Back in France, he obtained his diploma with his new methods, but the time had not yet come to apply them, as his personal and family situation was still precarious and required stability. After a brief stint with CR architecture and various assignments, he joined Alain Derbesse’s studio in 2000, enjoying a certain freedom of action for major projects. While maintaining his status as a free electron, he worked for seven years in a world of purchasers, while continuing to carry out more modest projects in London. Tired of evolving in an environment that did not correspond to his deepest aspirations, and in search of independence and intellectual emancipation, he decided to create his first studio. As a tribute, he gave it the name of his recently deceased mother: Randja. The projects followed one another with success, public buildings such as theatres, cinemas, media libraries and multi-purpose spaces, but also sports and school facilities (see the «major references» section). During this period, Farid Azib asserted the singularity of his architectural writing, while respecting the specificity of each project, which was expressed through numerous professional publications and recognition by his peers. His close relationship with the architect Roland Castro led to collaborations abroad, such as an urban restructuring in Medellin, Colombia, in 2014. While pursuing a programme mainly oriented towards cultural buildings, the studio has also been designing housing in recent times. A period of turbulence – mainly due to internal collaboration difficulties – leads to the creation of an studio with new skills, extended objectives, and a renewed sense of purpose: FARIDAZIB Architects is thus born in 2021. In the meantime, the highly acclaimed construction of the Saint-Lô Technopôle, delivered in 2020, which earned him a nomination for the Équerre d’argent and attracted interest from outside France, marked a remarkable turning point in his career.

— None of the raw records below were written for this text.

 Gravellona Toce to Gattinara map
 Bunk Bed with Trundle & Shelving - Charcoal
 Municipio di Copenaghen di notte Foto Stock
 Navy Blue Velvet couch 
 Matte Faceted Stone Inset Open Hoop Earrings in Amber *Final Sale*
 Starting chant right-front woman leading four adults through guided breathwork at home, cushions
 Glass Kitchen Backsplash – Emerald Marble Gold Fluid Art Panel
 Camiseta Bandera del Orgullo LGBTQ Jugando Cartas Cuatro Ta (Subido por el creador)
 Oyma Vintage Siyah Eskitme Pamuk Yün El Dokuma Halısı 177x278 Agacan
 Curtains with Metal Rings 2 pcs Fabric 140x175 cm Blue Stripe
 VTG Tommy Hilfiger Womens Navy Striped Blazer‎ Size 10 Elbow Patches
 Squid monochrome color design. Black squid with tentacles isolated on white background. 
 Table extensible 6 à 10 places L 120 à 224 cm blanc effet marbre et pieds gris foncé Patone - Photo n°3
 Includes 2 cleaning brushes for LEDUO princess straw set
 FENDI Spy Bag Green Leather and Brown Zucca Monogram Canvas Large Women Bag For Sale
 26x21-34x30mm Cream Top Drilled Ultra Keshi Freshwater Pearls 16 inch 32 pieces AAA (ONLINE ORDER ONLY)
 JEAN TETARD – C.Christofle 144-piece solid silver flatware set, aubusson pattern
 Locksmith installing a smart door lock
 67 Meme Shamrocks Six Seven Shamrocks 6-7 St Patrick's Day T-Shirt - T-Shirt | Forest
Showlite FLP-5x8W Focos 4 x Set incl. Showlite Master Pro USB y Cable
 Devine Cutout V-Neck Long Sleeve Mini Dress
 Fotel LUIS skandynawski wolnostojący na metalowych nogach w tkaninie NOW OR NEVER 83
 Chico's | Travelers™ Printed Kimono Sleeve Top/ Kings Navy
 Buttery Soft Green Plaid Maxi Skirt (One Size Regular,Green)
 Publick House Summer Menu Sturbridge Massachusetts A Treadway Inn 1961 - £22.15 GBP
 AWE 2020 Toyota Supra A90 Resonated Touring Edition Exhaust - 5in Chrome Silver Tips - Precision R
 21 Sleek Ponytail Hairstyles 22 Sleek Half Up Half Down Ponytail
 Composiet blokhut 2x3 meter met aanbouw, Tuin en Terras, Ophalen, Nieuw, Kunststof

FARIDAZIB Architect is a free and open structure for inventions, strongly characterized by its creative point of view, while projecting a wide range of disciplines, such as design works adapted to the conceptions, interior architecture, environmental research and technological innovations. The overwhelming ambition is to evolve and reach an international level. So as to tackle broader urban organisation issues, to carry out large-scale projects and to continue to assert an architectural identity that is now taking on a new dimension.